Cathedral of the Bizarre: Yes, a Federated Twitter Is Possible

Dan Wineman asks whether a federated Twitter is possible (via John Gruber). By this he means whether it is possible for a network not governed by a single authority to provide a qualitatively similar experience to Twitter. In his words:

Immediacy: if a post has been made by someone I follow, I can see it in my timeline right away (or close enough that I don’t notice the difference).

Chronology: posts always appear in order by time posted.

Monotonicity: timelines grow only from the top; older posts are never retroactively inserted.

The short answer is Yes.

The slightly longer answer is It Depends.

The much longer answer follows.

Dan answers his question with a speculative No, and his argument essentially rests on an assumption that a centrally controlled system can provide traditional ACID properties, while a decentralized system cannot. There are two aspects to this assumption: (1) federation with respect to the flow of data and (2) federation with respect to organizational boundaries.

1. Data Consistency in Distributed Systems

If we continue Dan's line of argument, we must conclude that every tweet must be stored in a single strongly consistent database, stored in a single physical location. As of early 2008, that was in fact mostly how Twitter was implemented, albeit with multiple database shards fronted by a distributed in-memory cache. But the Twitter team didn't think they could scale that solution (and no doubt many would agree with them). By early 2010, they were moving to a more explicitly distributed architecture based on Apache Cassandra. In other words, as of 2012, tweet storage is already federated at the physical level, and has been for a long time, in one way or another.
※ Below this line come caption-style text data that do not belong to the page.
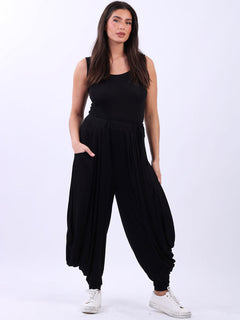 Plain Jersey Harem Trouser Black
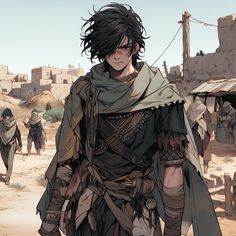 an image of a man in the middle of a desert with other people walking around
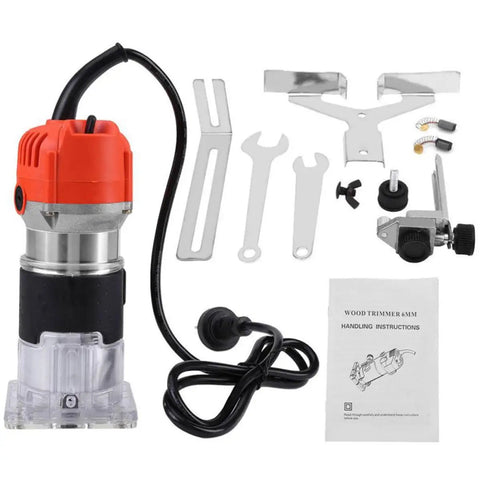 Electric Wood Slotting Machine With Aluminum Construction And Precise Electronic Components, Easy To Operate And Accurate Measuring For Wood Trimming, Edge Banding, And Crafting Christmas Decorations, Built Tough For Home Shops. Includes bits and wrenches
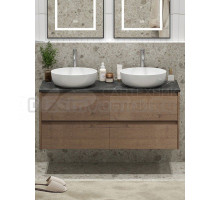 Тумба с раковиной BelBagno Kraft 120 со столешницей, для двоих, 4 ящика, rovere tabacco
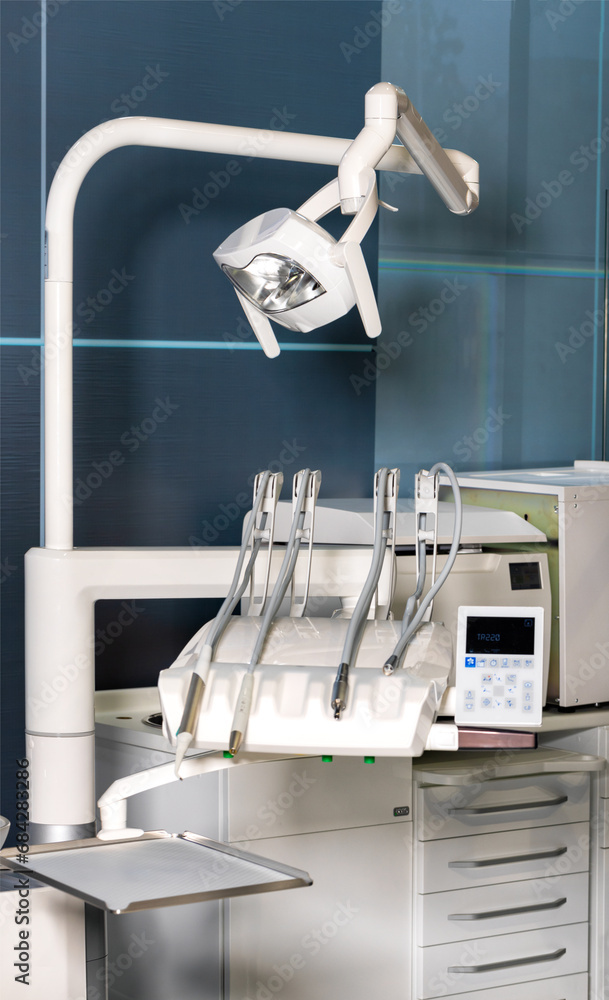 Dentist's office, oral hygiene, dentist's medical instruments.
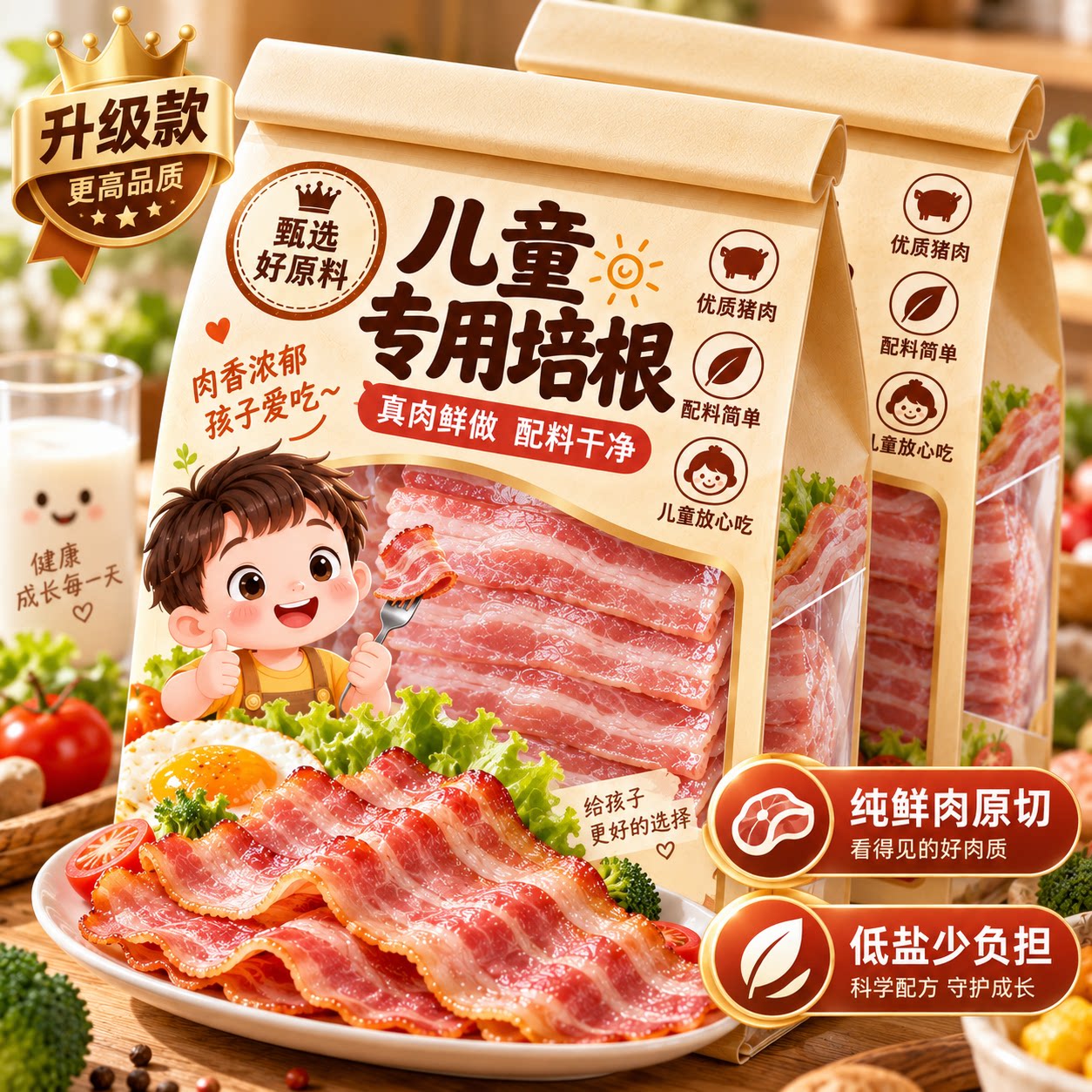 培根原切烟熏厚切培根三明治陪根片专用营养早餐配菜官方旗舰店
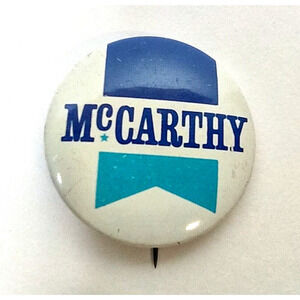 Eugene McCarthy 1968 Presidential Campaign White And Blue Vintage Pinback Button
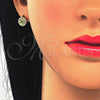 Sterling Silver Stud Earring, with White Micro Pave, Polished, Golden Finish, 02.292.0005.1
Latency is the key. We can rephrase the original question like this: We want the federates in a globally distributed system to reach a sufficient level of data synchronization such that any isolated client only rarely observes data out of order. Can the time it takes the system to reach this level of synchronization be short enough that the client will still consider the system to be responsive? Yes.

Consider that the participants in a Twitter conversation are almost never communicating simultaneously over a faster back channel, so they don't necessarily know how long it's taken for a tweet to propagate. And unlike in a verbal conversation, they are almost never waiting for feedback before continuing. Therefore, latencies that would be considered totally unacceptable for speech or even IM may be perfectly acceptable for Twitter -- 10 seconds at least, perhaps as long as a minute or more. Consider also that the only data that needs to be synchronized among a given group of participants is the set of tweets constituting the conversation among themselves; other tweets are not observed. And because users declare who they wish to follow ahead of time, the system has substantial foreknowledge of what those groupings of individuals and tweets are likely to be, and can plan for them.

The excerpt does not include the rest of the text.